Hi, my name is David, and welcome to my newly-christened nook of the cyberwebs. On a whim last night, I decided to purchase this domain and all the ancillary products that one needs to actually create a web space. Nickel and dime, I tell you, but I’m sure well worth it.

Buying the domain was an interesting experience, and a good lesson in what they told us in university is called “one-to-one marketing.” Think like what Amazon.com does with its personalized “you might also like…” offerings. While buying davidjewlian.com for a paltry $9.99/year, I was given the option of some other, premium URLs.
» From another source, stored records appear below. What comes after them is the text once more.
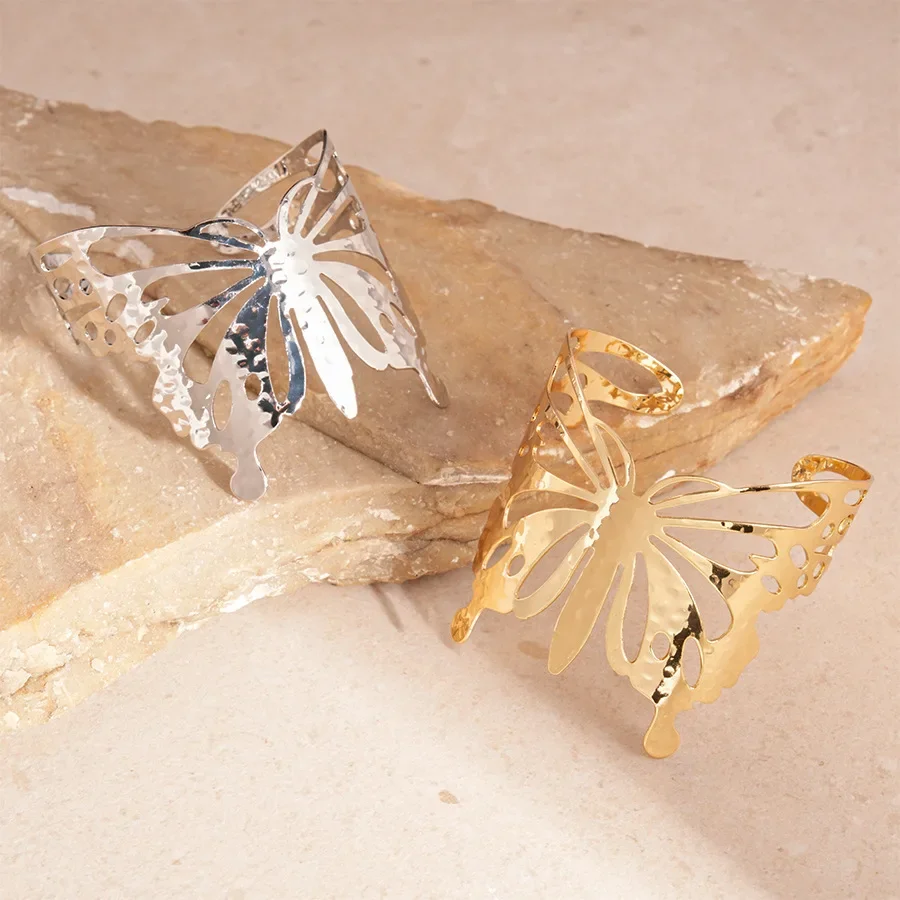 نابضة بالحياة فراشة جوفاء المعادن افتتاح أساور للنساء الراقية سميكة زهرة نمط الكفة الأساور شيك الفولاذ المقاوم للصدأ Armlet F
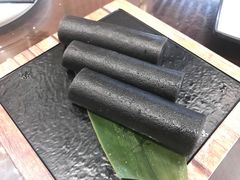 香滑黑芝麻卷-喜喜酒家·纯手工点心·粤菜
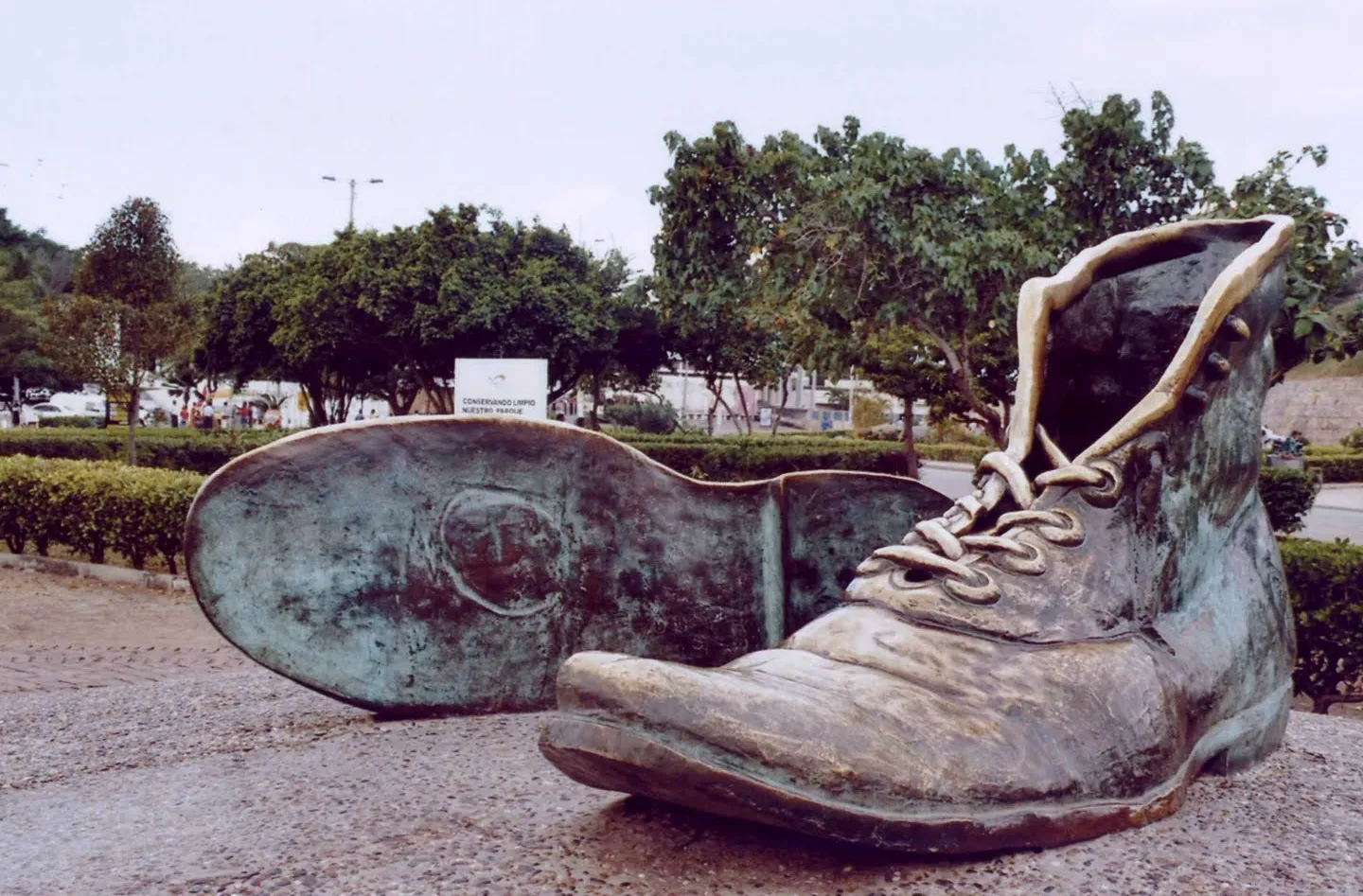 Monumento a los Zapatos Viejos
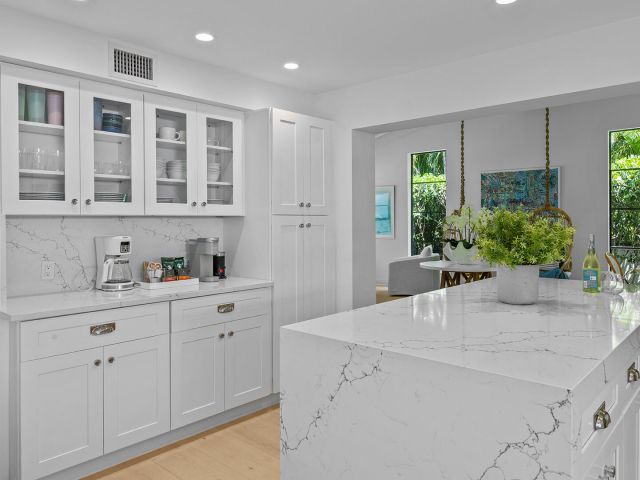 Продажа дома по адресу 3214 Washington Road - фото 6682632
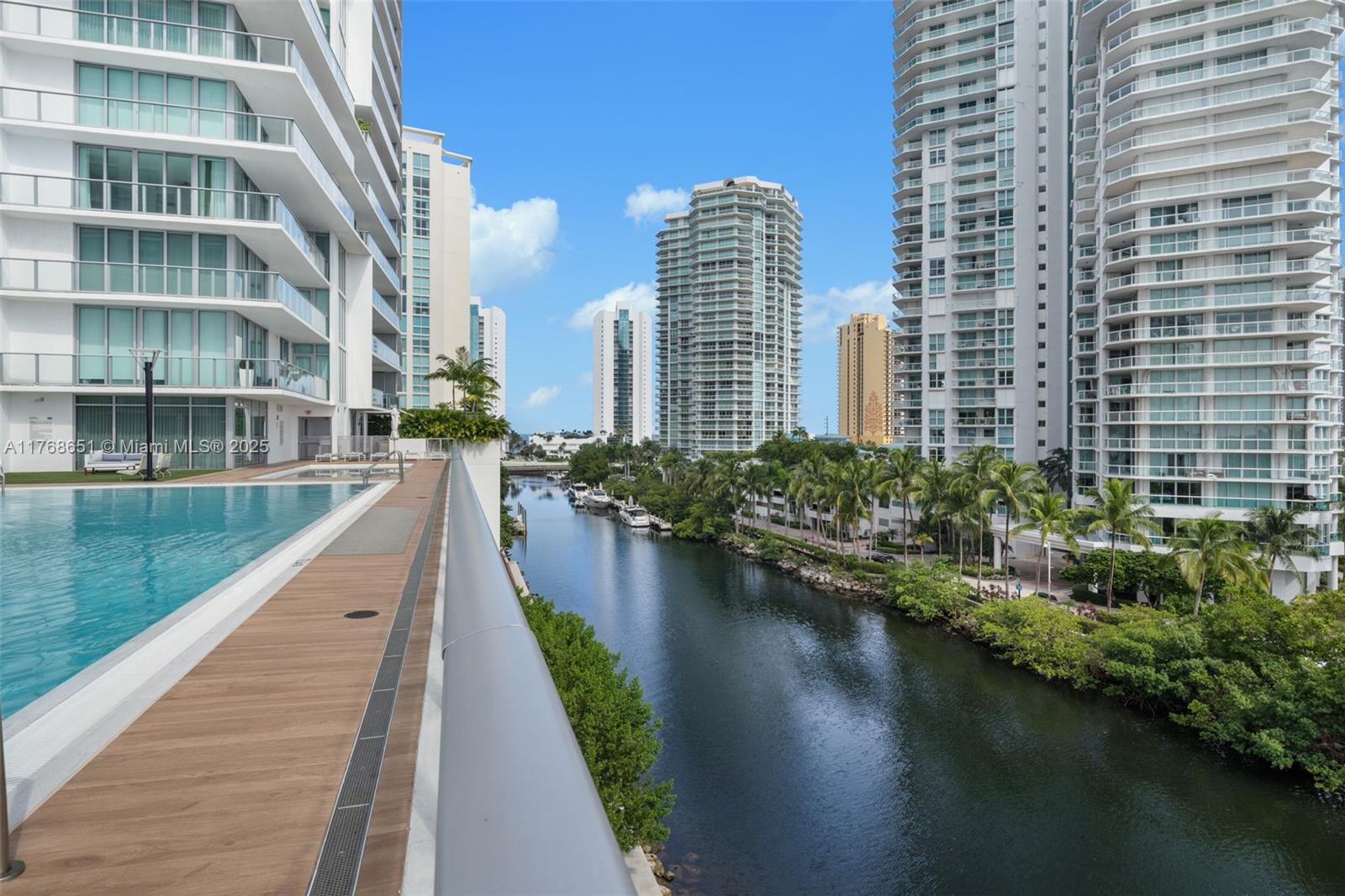 PARQUE TOWERS CONDO - Residential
Addresses such as:

davidhebrewlian.com - $9.99

Now, I know my page name doesn’t make a whole lot of sense unless you know my middle name and the hilariously pun-ny spelling error, but really? “Hebrewlian”? At least it’s cheap.

singleorthodoxjews.com - $104.00

Now this one I can understand the premium price for. We don’t live in small Polish towns anymore, and outside of Borough Park, Brooklyn, I’m sure it’s hard to find a strong community of Orthodox Jews, much less single ones. Believe me, I’ve had enough tangential experience with dating sites to know that the URL may be a worthwhile investment.

jewishjews.com - $500.00

Now this just seems unnecessarily repetitive. And I think “superjews.com” would catch more eyes–but of course that address is already registered.

africanamericanjews.com - $549.00

Again, makes sense. There are a lot of African American Jews out there who should have a place on the Internet to congregate and discuss what it’s like to be a minority of minorities. Note to all of entrepreneurial spirit: caucasianjews.com is still available. There may be some possible synergistic ideas here.

medievaljews.com - $599.00

Six hundred dollars?? Six hundred dollars for medievaljews.com? I didn’t even know there were that many Jews in medieval times. I thought we all got killed by the Spanish.

So welcome to my far less premium, but just as compelling space on the Internets, davidjewlian.com: an impulse buy.